Hope you and your DH are well. Assuming that you will be staying near the city centre, here are a few nearby LYS:

1. Morris & Sons (http://www.morrisandsons.com.au/) at 50 York Street, Sydney - has the more upmarket yarns (Noro etc), New Zealand yarns and ones under their own label.

2. Right along the same side of York Street heading towards Market Street is Lincraft (http://www.lincraft.com.au/), a chain that sells craft items (yarn! ), fabric, patterns etc. They carry the cheaper yarn brands (Cleckheaton, Panda, Patons) and again, yarn under their own labels. Sometimes, they have special 'scoop'/sale yarn bins/shelves.

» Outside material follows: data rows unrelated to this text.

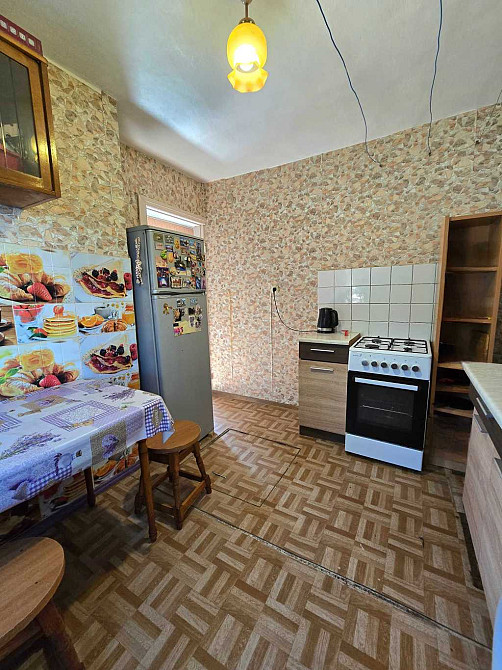 продажа 5-к дом Белоцерковский, Белая Церковь, 68000 $ Белая Церковь - изображение 11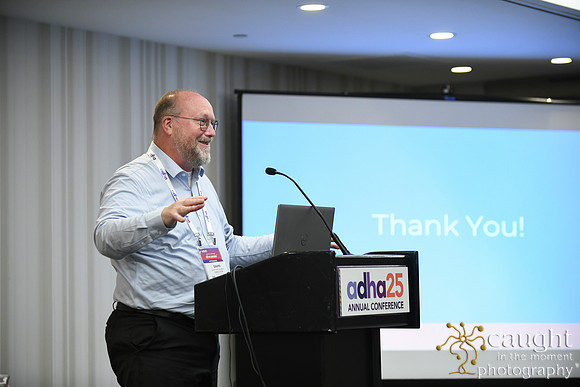 050 ADHA25 Annual Conference Long Beach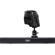 Trexo Camera Slider: Picture 6 thumbnail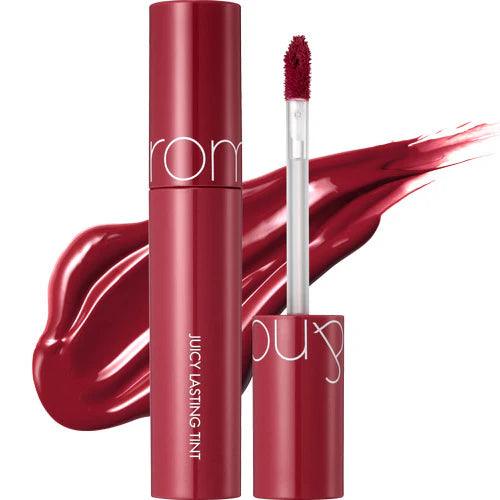 ROMAND - Juicy Lasting Tint - Cosmetic Holic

3. The Granny Square (http://thegrannysquare.com.au/ - website under construction) 47 King Street, Newtown - owned by Morris and Sons, but I think they carry a slightly different range of yarn... King Street in Newtown is one of the more interesting and older parts of Sydney, with lots of cafes, restaurants and shops (http://en.wikipedia.org/wiki/Newtown,_New_South_Wales)

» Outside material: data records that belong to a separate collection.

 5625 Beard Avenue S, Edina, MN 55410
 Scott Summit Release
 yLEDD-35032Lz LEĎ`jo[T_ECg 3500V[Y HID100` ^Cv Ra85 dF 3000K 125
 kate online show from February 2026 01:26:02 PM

4. The nearest Spotlight store (Spotlight is similar to Lincraft but has its own interesting ranges of yarn) is in Bondi Junction (http://www.spotlight.com.au/store/bondi). Bondi Junction is reachable by train and is a very short bus ride to Bondi Beach.

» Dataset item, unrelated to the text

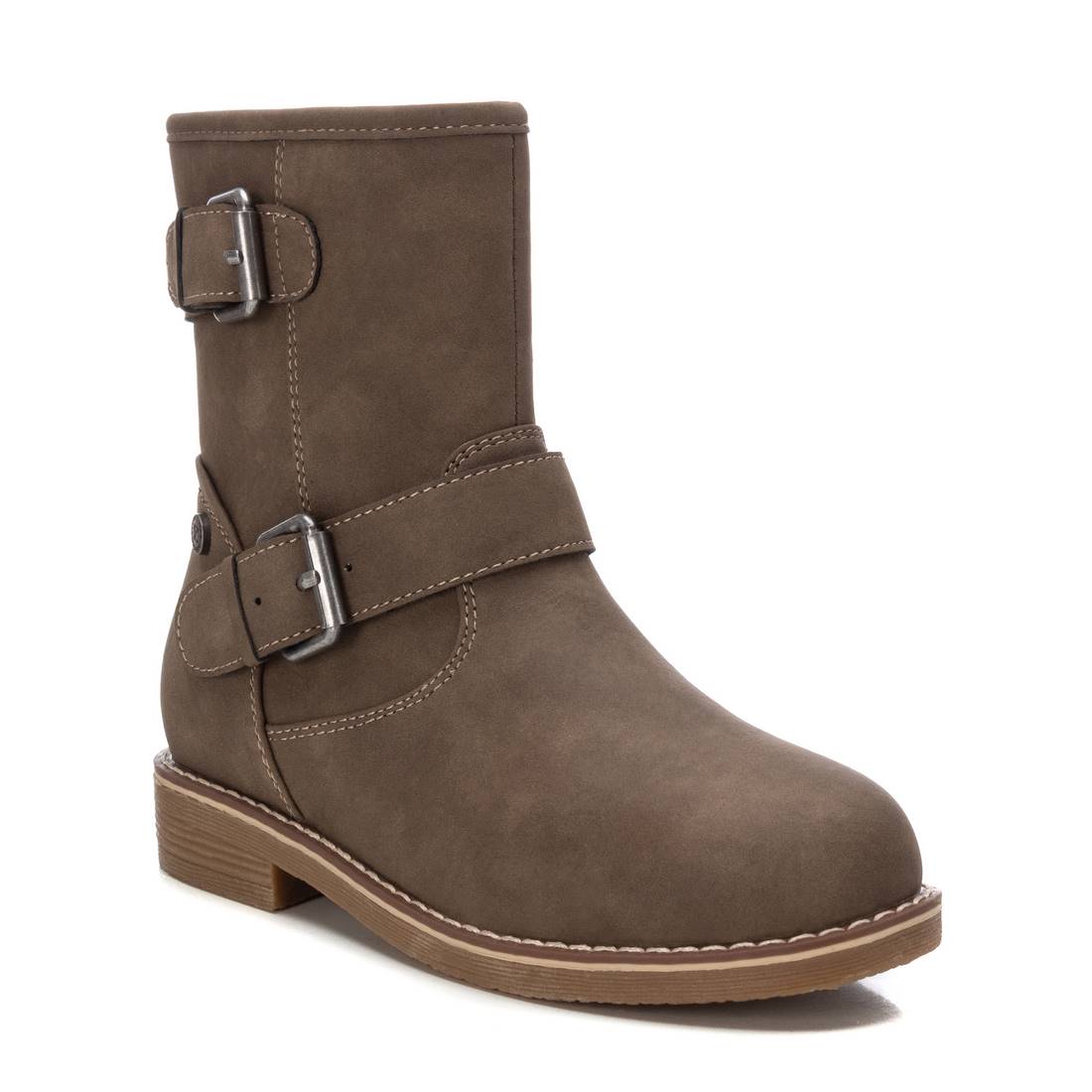 BOTÍN DE NIÑA XTI KID 15099507、mySite、gtrtttuynbv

One 'hole in the wall' restaurant that I can recommend is a tiny Japanese restaurant on York Street (by far my favourite street in the city lol!) called Nazimi, that does very good Japanese food, both cooked and raw. Nazimi is just behind the Queen Victoria Building (QVB) shopping mall.

Incidentally, the first two LYS are within Sydney's main shopping area (Market Street, Pitt Street and George Street). Hope you'll have lovely weather and a great stay in Sydney!


----------



## val hynson

Visited Sydney this time last year, loved visiting the Chinese garden, and also a trip on the Ferry up to Paramatta, great City for ease in getting around , There is an excellent Tourist Kiosk right near the Town Hall, the ladies there are so helpful


----------



## roseknit

I love Sydney, was first there in "92 and been back several times, last time the Sydney Tower was closed,open now I guess


----------



## roseknit

G'ma Ruth, who are you cruising with.my favs aare Crystal,Regent and Silversea


----------



## MGT

Take the train around the harbour, esp. at night. Cheap, great overview. I hadn't been to Sydney in 30 yrs., and it changed so much! Beautiful, cosmopolitan city.


----------



## Daffadowndilly

When we go to Sydney we like to walk as much as possible so we can stop and look at the different building styles and explore the little streets and find some great eateries.
Walking around the Rocks is great fun and I think that there is a market there most Fridays. A ferry ride to anywhere shows Sydney off well, maybe to the zoo. Circular Quay- Sydney Opera house- Royal botanical Gardens are all close by. If you are there on the right day an AFL footy match may be of interest. Games at the SCG on 7th and 22nd April. Newtown is always interesting and lively. China town market and restaurants. Walk across or climb the Sydney Harbour Bridge for some fantastic views and catch a train back. See a show at the Opera house or one of the smaller theatres. 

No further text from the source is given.